Removing the barriers between high school and college and making the Idaho PTECH Network a reality for our state and its students will require a tremendous amount of strategic planning over the next six months. A robust planning process, infused with design thinking, is already underway with key partners in Idaho industry and education.
Alan Millar, former president of the Idaho Charter School Network and principal at Forrest M. Bird Charter School in Sandpoint, Idaho, has accepted the position of executive director of the Idaho PTECH Network. Alan will carry forward the network’s mission, vision and long-term sustainability efforts. Deborah Pence and Molly Huckaby, who bring a wealth of experience, will join Alan in this endeavor.
Consider the numbers:
The J.A. and Kathryn Albertson Foundation believes that we can’t continue to do the same things to serve students in the same way and expect different outcomes.

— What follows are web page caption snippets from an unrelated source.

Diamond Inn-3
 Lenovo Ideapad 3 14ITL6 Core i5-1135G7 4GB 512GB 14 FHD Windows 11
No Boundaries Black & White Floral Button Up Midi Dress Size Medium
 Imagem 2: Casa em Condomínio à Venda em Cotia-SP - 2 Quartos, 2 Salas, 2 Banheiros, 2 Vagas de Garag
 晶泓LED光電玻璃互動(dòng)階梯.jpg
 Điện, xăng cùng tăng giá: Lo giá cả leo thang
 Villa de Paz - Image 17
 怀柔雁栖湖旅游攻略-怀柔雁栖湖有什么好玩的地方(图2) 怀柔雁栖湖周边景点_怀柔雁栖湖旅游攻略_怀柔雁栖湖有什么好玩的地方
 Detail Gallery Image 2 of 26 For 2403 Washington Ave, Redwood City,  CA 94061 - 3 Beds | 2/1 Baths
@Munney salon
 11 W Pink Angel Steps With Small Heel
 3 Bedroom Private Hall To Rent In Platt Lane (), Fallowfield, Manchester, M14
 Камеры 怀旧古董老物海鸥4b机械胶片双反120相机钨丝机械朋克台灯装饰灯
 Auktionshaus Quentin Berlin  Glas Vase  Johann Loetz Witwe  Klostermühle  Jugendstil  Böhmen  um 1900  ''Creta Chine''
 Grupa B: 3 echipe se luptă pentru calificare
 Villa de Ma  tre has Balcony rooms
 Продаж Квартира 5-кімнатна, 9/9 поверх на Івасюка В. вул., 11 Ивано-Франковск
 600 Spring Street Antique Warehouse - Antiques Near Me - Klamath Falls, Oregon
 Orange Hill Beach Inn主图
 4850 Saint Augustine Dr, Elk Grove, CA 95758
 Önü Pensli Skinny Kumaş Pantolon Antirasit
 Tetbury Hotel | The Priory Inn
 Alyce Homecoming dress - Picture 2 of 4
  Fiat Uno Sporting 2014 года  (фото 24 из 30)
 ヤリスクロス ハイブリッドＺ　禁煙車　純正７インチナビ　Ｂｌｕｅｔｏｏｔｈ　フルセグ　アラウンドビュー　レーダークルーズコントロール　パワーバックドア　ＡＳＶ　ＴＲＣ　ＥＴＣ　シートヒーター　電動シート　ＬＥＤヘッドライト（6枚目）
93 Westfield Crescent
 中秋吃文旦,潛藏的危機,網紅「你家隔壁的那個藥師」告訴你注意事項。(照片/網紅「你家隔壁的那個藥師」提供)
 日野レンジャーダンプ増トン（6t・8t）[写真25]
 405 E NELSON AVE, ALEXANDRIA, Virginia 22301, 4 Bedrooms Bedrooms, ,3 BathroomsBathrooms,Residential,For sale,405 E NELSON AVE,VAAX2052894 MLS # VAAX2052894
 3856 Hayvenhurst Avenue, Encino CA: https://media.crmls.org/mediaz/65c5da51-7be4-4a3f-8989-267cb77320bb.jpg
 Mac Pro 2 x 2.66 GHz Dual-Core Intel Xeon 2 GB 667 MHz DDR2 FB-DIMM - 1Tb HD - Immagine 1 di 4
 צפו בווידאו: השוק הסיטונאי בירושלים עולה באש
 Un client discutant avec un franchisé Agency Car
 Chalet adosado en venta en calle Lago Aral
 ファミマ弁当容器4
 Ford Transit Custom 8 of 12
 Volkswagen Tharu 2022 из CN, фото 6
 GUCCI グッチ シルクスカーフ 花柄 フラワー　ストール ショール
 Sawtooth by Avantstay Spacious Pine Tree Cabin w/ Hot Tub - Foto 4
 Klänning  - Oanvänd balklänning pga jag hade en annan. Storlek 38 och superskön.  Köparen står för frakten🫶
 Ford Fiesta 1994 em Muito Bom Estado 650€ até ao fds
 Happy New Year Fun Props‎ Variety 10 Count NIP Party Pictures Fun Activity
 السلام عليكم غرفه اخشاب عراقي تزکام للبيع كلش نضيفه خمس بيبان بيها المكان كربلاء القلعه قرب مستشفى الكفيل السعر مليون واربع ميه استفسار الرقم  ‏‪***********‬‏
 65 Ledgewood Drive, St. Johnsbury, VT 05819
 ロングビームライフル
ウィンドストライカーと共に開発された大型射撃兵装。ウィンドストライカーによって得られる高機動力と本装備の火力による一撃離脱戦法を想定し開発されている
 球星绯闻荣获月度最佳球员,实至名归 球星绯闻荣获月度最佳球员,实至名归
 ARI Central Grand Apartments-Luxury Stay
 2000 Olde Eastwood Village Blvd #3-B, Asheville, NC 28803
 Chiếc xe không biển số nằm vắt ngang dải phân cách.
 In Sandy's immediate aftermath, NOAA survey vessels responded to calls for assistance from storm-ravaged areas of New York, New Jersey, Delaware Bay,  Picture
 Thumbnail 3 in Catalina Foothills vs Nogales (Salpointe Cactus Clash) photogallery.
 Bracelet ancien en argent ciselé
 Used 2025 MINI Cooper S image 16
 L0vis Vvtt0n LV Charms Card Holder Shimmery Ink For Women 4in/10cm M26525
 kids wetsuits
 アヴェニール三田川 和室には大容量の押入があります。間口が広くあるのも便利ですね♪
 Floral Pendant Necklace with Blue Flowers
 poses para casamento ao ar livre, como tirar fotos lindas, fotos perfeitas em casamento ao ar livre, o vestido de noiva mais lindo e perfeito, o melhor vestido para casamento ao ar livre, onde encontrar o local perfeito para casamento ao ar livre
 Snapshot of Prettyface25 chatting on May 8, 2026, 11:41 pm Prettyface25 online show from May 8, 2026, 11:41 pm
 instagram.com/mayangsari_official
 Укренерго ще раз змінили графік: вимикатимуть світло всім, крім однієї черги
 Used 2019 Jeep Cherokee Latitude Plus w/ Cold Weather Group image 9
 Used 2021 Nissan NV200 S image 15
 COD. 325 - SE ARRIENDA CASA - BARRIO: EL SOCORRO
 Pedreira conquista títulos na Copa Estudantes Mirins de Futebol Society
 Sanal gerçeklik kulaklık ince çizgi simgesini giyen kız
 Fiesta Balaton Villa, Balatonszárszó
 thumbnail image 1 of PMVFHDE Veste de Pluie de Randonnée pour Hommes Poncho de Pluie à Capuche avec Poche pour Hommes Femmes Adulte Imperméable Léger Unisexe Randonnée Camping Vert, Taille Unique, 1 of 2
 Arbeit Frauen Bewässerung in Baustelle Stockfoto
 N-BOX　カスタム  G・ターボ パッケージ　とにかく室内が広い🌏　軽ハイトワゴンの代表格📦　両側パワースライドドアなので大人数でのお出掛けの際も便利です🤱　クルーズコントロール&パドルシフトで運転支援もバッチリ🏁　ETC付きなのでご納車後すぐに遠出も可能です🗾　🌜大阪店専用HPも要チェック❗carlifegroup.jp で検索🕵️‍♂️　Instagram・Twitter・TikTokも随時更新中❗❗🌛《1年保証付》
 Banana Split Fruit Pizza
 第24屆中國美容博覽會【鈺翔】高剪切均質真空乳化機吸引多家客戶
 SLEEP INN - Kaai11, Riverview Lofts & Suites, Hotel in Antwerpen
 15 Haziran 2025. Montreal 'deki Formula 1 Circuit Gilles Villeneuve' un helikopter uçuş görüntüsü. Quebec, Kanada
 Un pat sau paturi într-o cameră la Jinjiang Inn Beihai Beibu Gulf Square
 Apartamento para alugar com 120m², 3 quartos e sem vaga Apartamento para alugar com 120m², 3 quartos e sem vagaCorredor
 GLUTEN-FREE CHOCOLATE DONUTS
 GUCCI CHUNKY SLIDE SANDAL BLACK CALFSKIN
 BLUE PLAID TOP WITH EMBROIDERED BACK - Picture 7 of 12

The Foundation issued a Request for Proposals (RFP) with the intent of catalyzing the creation of early college high schools that will provide students with the credentials and skills needed to launch meaningful careers. Inspired by the PTECH schools that have opened in partnership with IBM in New York and Illinois, PTECH in Idaho will be created in collaboration with higher education institutions and industry partners.
The goal of the initiative was to establish innovative new schools that will increase student achievement outcomes in Idaho while also producing graduates who can fill positions for which employers must currently seek out-of-state talent.
The Foundation has committed up to $5 million for this effort.